First, take the cartesian() function, which we'll use. Then
def calculate_dipole_vect(mus, r_i, mom_i):
# Treat each mu sequentially
Bs = []
omega = []
for mu in mus:
rel = mu - r_i
r_norm = np.sqrt((rel * rel).sum(1))
r_unit = rel / r_norm[:, np.newaxis]
A = 1e-7
num = A*(3*np.sum(mom_i * r_unit, 0)*r_unit - mom_i)
den = r_norm ** 3
B = np.sum(num / den[:, np.newaxis], 0)
Bs.append(B)
omega.append(gamma_mu * np.sqrt(np.dot(B, B)))
return Bs, omega
# Transpose to get more "natural" ordering with row-major numpy
r_i = r_i.T
mom_i = mom_i.T
t_start = time.clock()
r_frac = cartesian((np.arange(n[0]) / float(n[0]),
np.arange(n[1]) / float(n[1]),
np.arange(n[2]) / float(n[2])))
r_test = np.dot(r_frac, a)
B, omega = calculate_dipole_vect(r_test, r_i, mom_i)
print 'Total time for vectorized: %f s' % (time.clock() - t_start)
Well, in my testing, this is in fact slightly slower than the loop-based approach I started from. The thing is, in the original version in the question, it was already vectorized with whole-array operations over arrays of shape (20000, 3), so any further vectorization doesn't really bring much further benefit. In fact, it may worsen the performance, as above, maybe due to big temporary arrays.

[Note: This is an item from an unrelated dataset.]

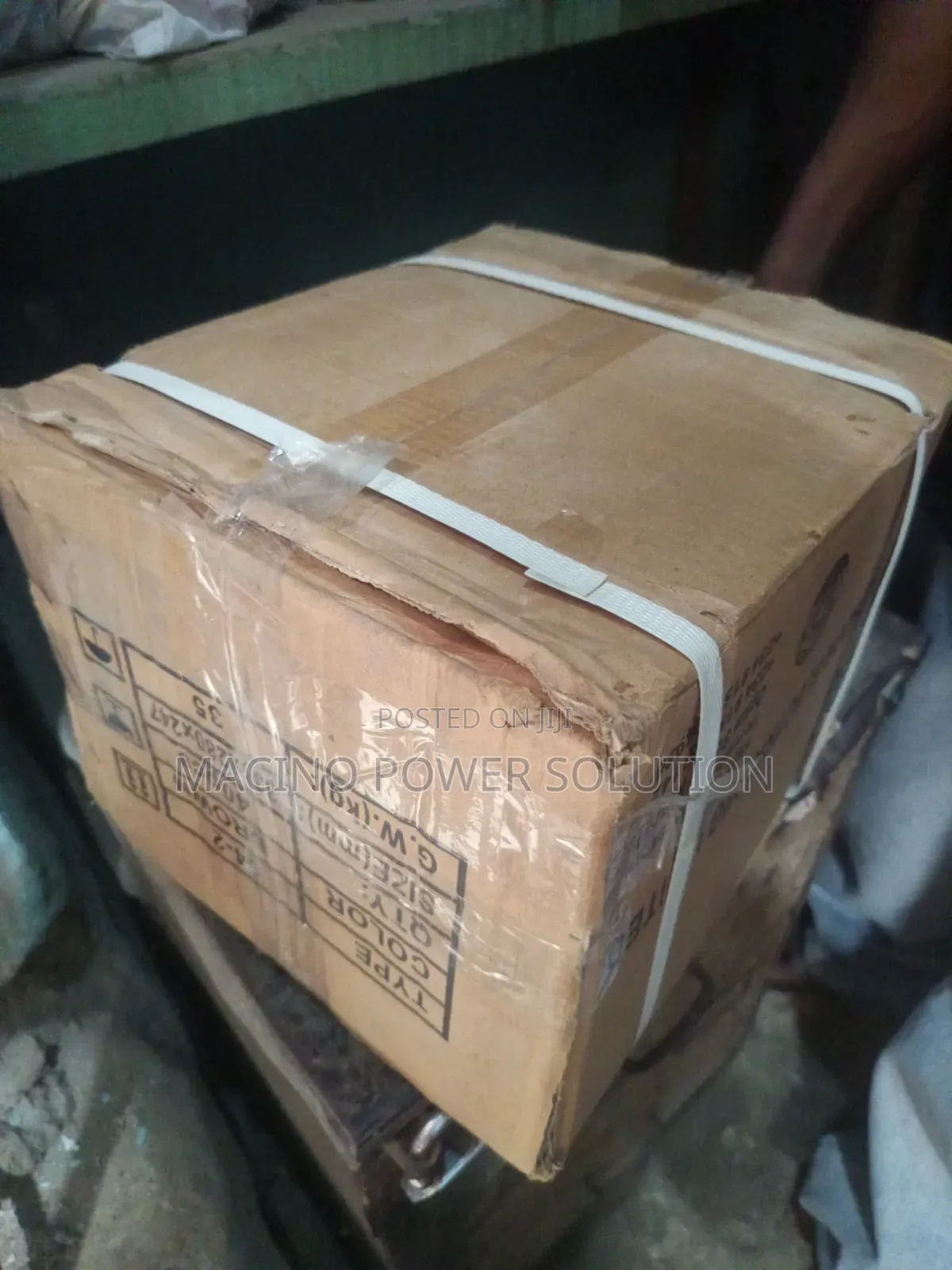Shackle Insulator for Pole and Transformer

If you profile your code, you'll see that 99% of the running time is in calculate_dipole so reducing the time for this looping really won't give a noticeable reduction in execution time. You still need to focus on calculate_dipole if you want to make this faster. I tried my Cython code for calculate_dipole on this and got a reduction by about a factor of 2 in the overall time. There might be other ways to improve the Cython code too.